Get Jiro! - Anthony Bourdain, Joel Rose, Langdan Foss - Bourdain sees a future where chefs rule - hold all power and influence (as it should be, right?) - and rise to the level of their own skill, ideology and corruptibility. They are the new gangsters, rock stars and cult-leaders and in Los Angeles, two major kitchen war-lords vie for the soul of the city and the allegiance of an independent warrior - a sushi samurai with no fealty, but to fish. Jiro is a purist who might behead a customer for vulgarity in his humble strip-mall temple, and who will play both poles against the middle in this rather bizarre and uneven re-imagining of Yojimbo. Clever at times and satisfying, for sure, to witness the slaying and mutilation of many a wrong-headed foodie and Phillistine, but you're still better off with Kurosawa's original (or Sergio Leone's A Fistful  of Dollars... or even Walter Hill's Last Man Standing) for a kick-ass, bad-ass story.
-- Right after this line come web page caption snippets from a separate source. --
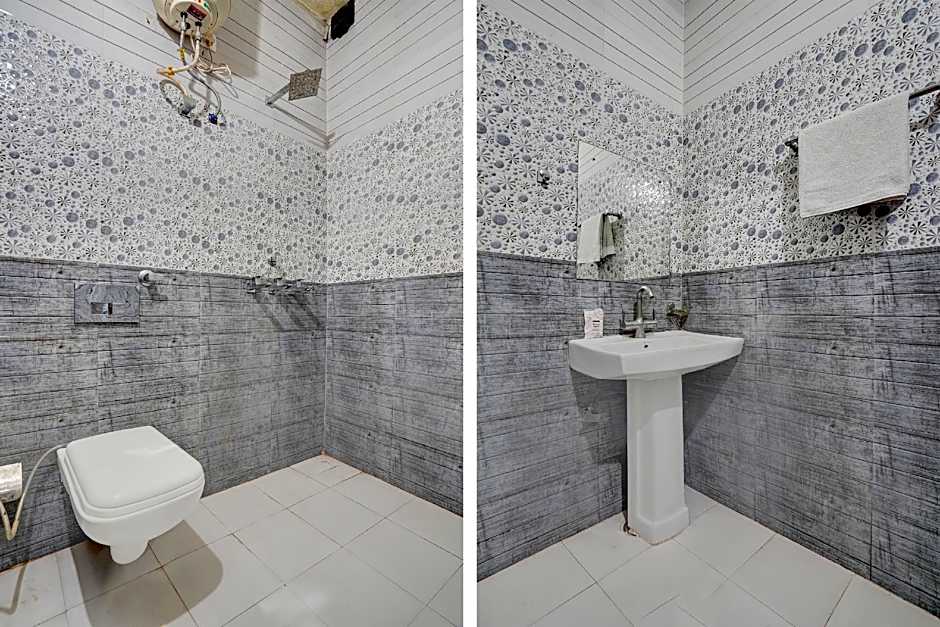 Super Hotel O Zirakpur City Court Complex Formerly The Platinum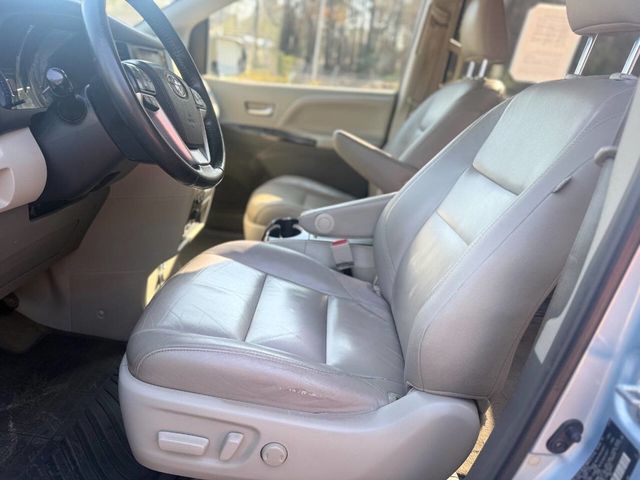 2016 Toyota Sienna XLE 8 Passenger 4dr Mini Van - 23001198 - 14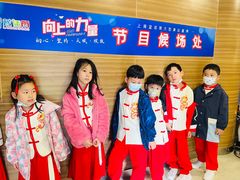 -蓝话筒·少儿成人演讲口才·主持朗诵·戏剧表演(大华第一坊店)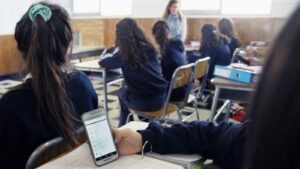 Lee más sobre el artículo Muchas secundarias ya prohíben el uso de celulares en el aula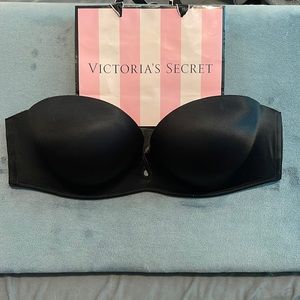 VS Bombshell padded strapless BLK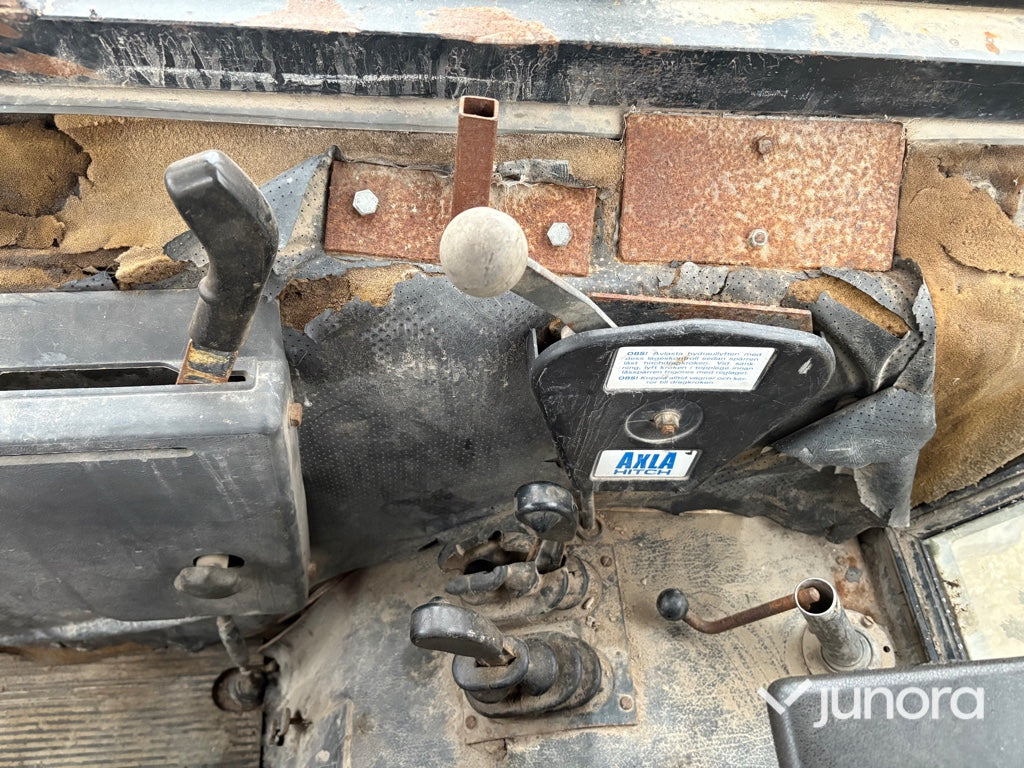 Farm tractor Traktor - John Deere 3140 MFWD: picture 24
The Massive - Brian Wood, Kristian Donaldson, Dave Stewart - Happily-Eco-After is probably not in the cards for the earth of The Massive - already more than halfway to Waterworld (but without behind-the-ear-vaginas), but all the better for a stem-the-tide adventure for deciding the way the end of the world may play out. Mystery and intrigue and pirates and a fantastically-realized half-submerged Hong Kong make more installments of The Massive a big anticipation for me.

Punk Rock Jesus - Sean Murphy - More social satire than religious  send-up, Punk Rock Jesus sets ridiculous on eleven and then does its damnedest to follow through. Entertainment as religion - as life - political violence, science abuse, substance abuse, child abuse, redemption and damnation, not to mention music, are all topics disgust in this wild messianic tale.

Rat Catcher - Andy Diggle, Victor Ibanez - An underworld legend - an unstoppable mob assassin - and a feeb on collision course is a set-up I could easily get behind, and the rocketing-high body-count kept me turning pages right up to the end. Pulp that does it right - delivers the goods without aiming too high or making you hate yourself for digging it.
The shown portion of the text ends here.